### [What the task asks]
Which lines run from the one containing "this 360×240 image." through the last line of the records? Copy them exactly, leaving pictures out.

Data records
####

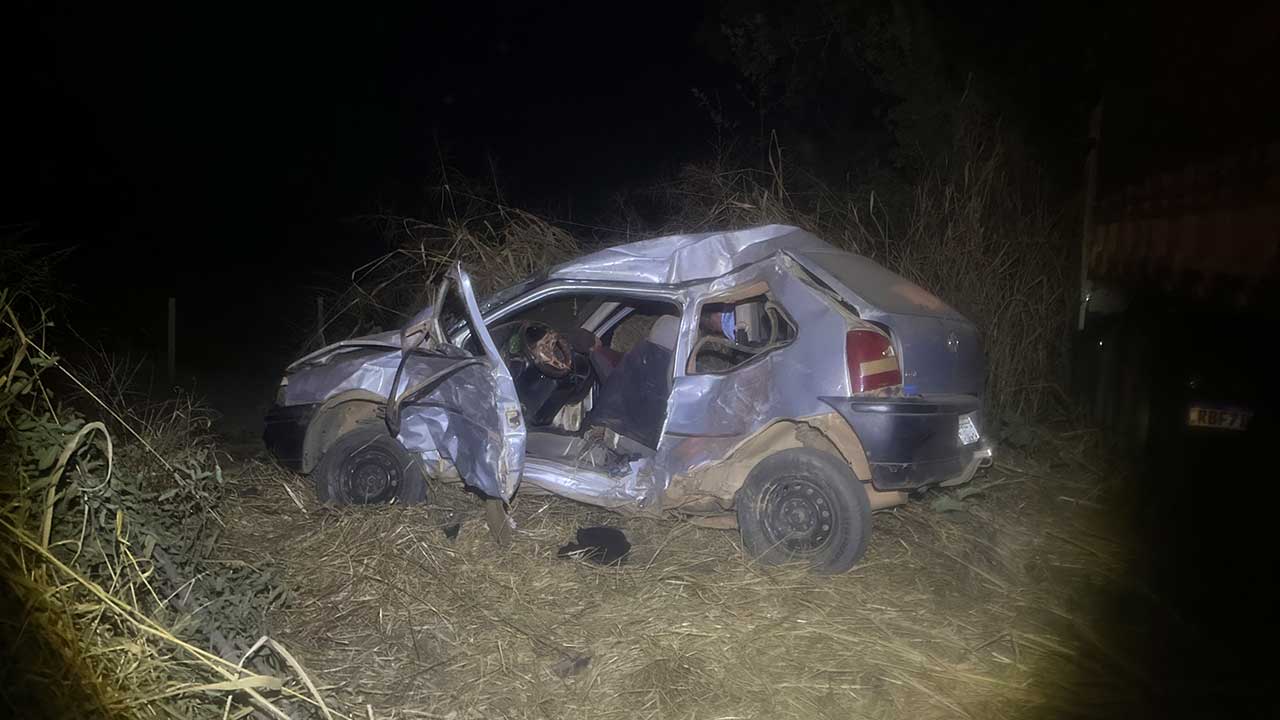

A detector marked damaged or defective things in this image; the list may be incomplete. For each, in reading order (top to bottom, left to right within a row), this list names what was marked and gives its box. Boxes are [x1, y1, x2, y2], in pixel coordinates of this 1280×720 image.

wrecked silver car [264, 224, 993, 571]
crushed car roof [547, 224, 834, 283]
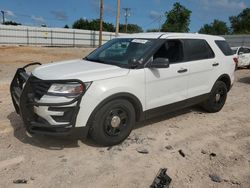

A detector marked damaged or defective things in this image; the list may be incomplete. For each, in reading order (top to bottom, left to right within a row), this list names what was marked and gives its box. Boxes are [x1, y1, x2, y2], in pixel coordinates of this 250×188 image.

damaged vehicle [10, 33, 235, 146]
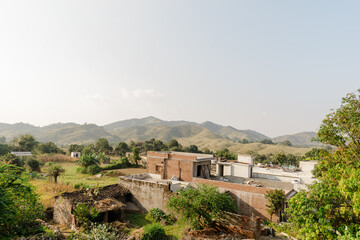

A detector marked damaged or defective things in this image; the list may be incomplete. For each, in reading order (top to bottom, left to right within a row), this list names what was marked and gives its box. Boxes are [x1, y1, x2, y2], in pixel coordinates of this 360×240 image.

broken concrete structure [146, 152, 214, 182]
broken concrete structure [54, 185, 130, 228]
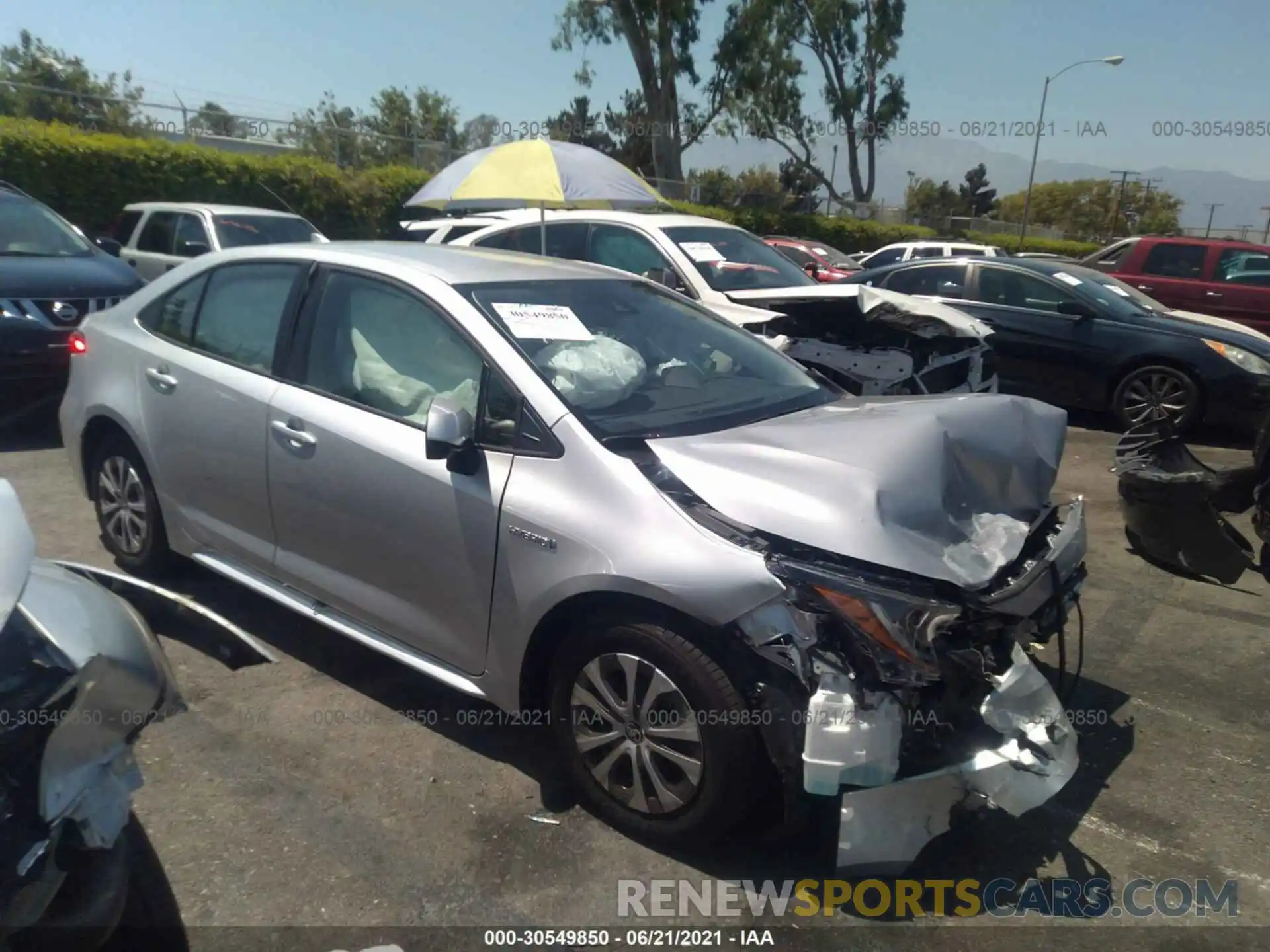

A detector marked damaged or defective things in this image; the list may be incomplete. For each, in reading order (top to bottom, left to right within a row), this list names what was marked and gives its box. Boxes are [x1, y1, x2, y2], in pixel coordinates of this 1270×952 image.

####

### [Result of this task]
A detector marked damaged or defective things in this image; the list may be incomplete. For each, in reading order (top to bottom, left to right within a row), this list names what was marked and gives its box. Boxes are [x1, y1, x2, y2], in pixel coordinates of this 360×240 image.

broken concrete structure [146, 152, 214, 182]
broken concrete structure [54, 185, 130, 228]

A detector marked damaged or defective things in this image; the list may be incomplete. For each, in reading order (top to bottom, left to right within a row), this list names what was marked and gives its box. Boxes are [x1, y1, x2, y2], in pixel coordinates of this 1270×952 image.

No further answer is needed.